Her fear, probably one we all share at some level, wasn't that she didn't want to look like she didn't know what she was doing but maybe that she actually didn't know what she was doing.
And no one wants to draw attention to themselves by asking a ‘stupid' question. Or pointing out they don't know.
In group settings, this has lead to what psychologists call ‘pluralistic ignorance,'a psychological state characterized by the belief that one’s private thoughts are different from those of others. This causes huge problems in organizations.
Consider an example. You're in a large meeting with the senior management of your organization to discuss an initiative that spans across the organization and involves everyone in the room. You hear words come out, someone may even ask you, do you follow? And yes, of course you follow — you don't want to be the only person in the room without a clue.
“To admit to ignorance, uncertainty or ambivalence” writes Tim Kreider, “is to cede your place on the masthead, your slot on the program, and allow all the coveted eyeballs to turn instead to the next hack who’s more than happy to sell them all the answers.” No wonder we have such a hard time owning up when we don't know something.
So you walk out of the room wondering what you just agreed to do.
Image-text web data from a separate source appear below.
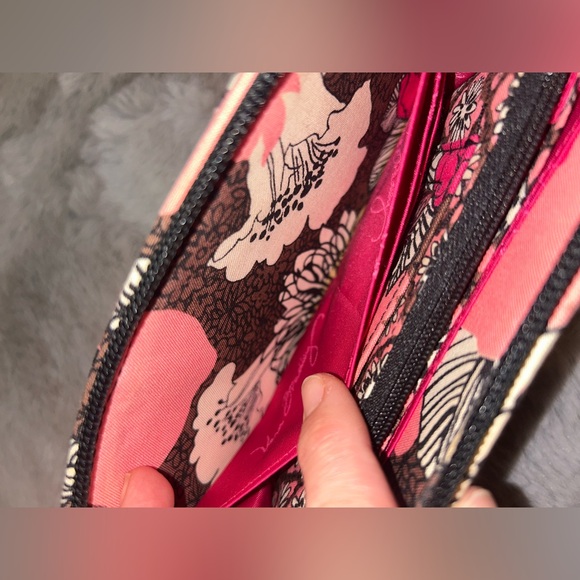 Vera Bradley Mocha Rose Accordion Wallet - DISCONTINUED Fall of 2011 - Picture 9 of 9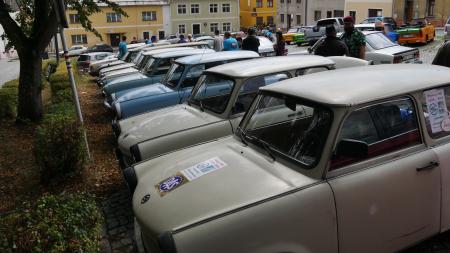 Majitelé veteránů se v sobotu vydali na tradiční podzimní výlet
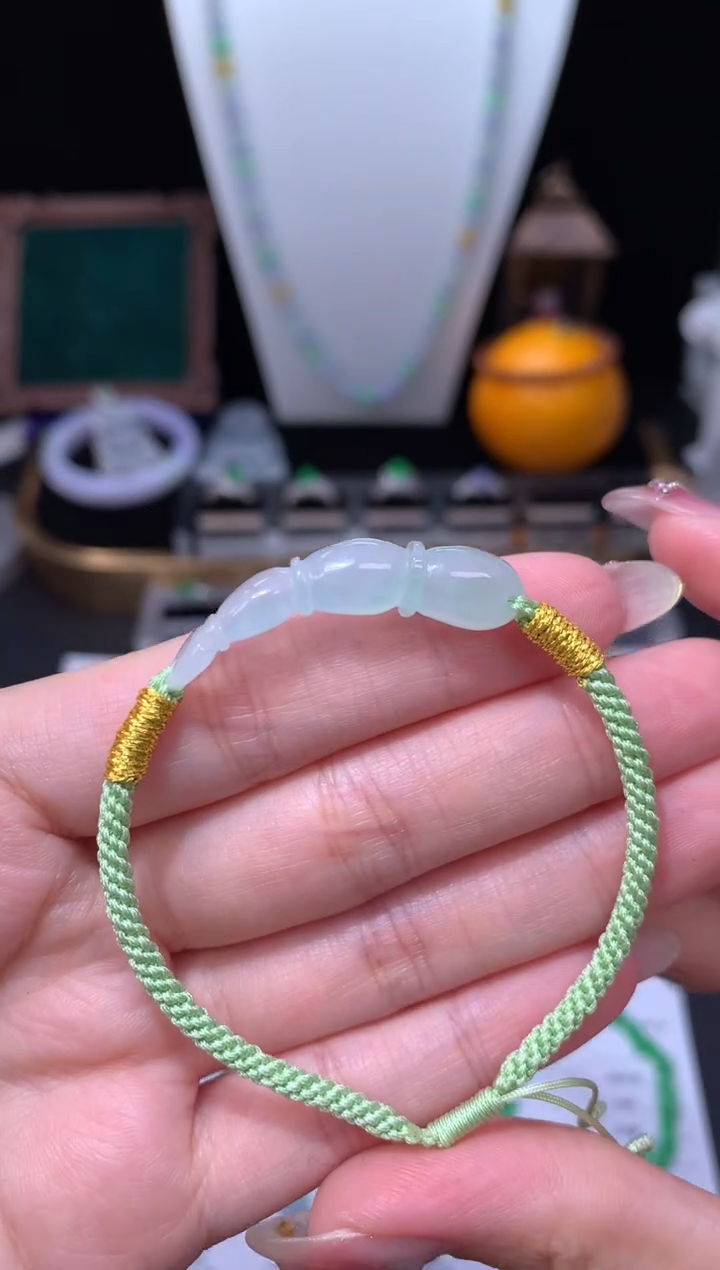 未镶嵌定制翡翠48小时鉴赏期 退货不扣服务费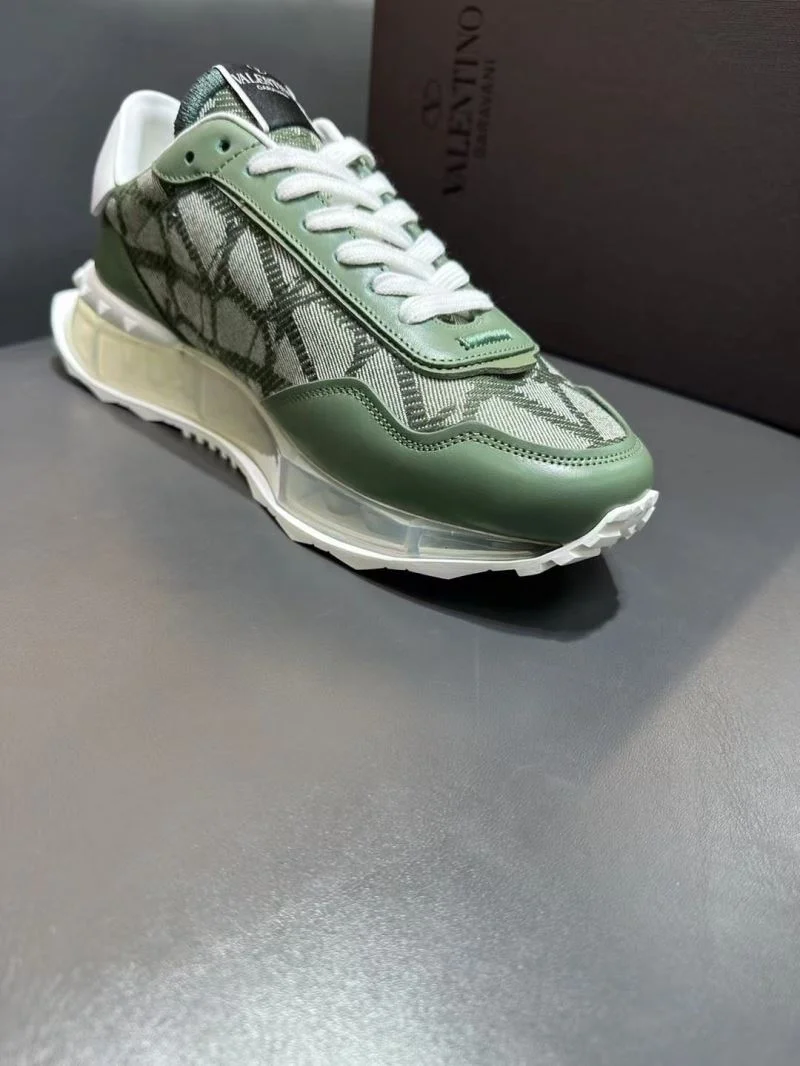 Comfortable Valentino Rockrunner Shoes 36825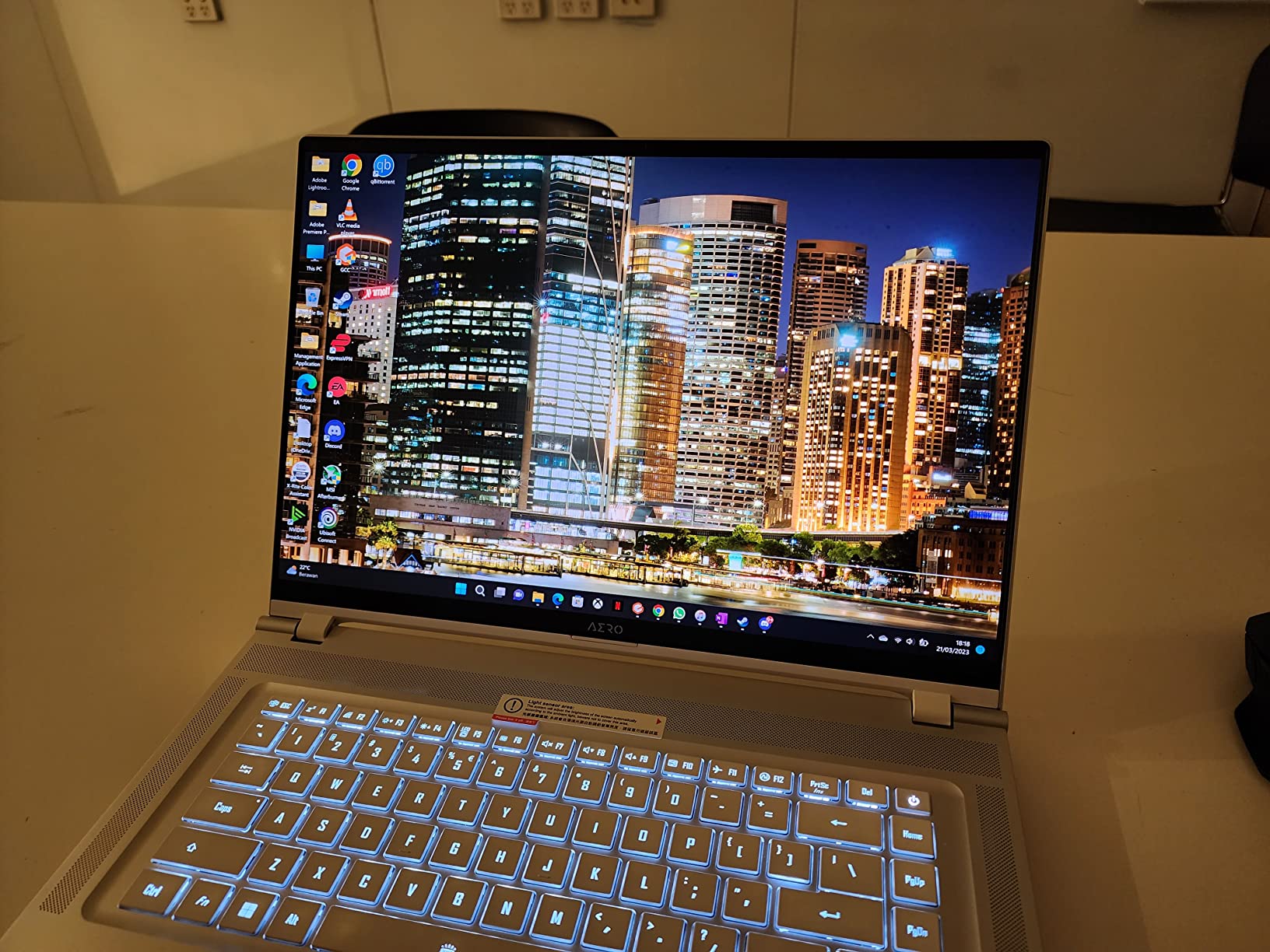 GIGABYTE AERO 16 OLED notebook RTX 4070 32GB 1TB display OLED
You have no idea. Your stress goes up, you run around asking others, and quickly discover they are just as confused as you are.
This project isn't doomed, it's just a lot more work now than it needs to be. You either guess at what was intended and take a leap of faith or you spend an endless amount of time and organizational energy chasing this down after the meeting.
Information is coming to us with greater velocity and magnitude. “I don't know” might be the most powerful admission you can make in the internet era.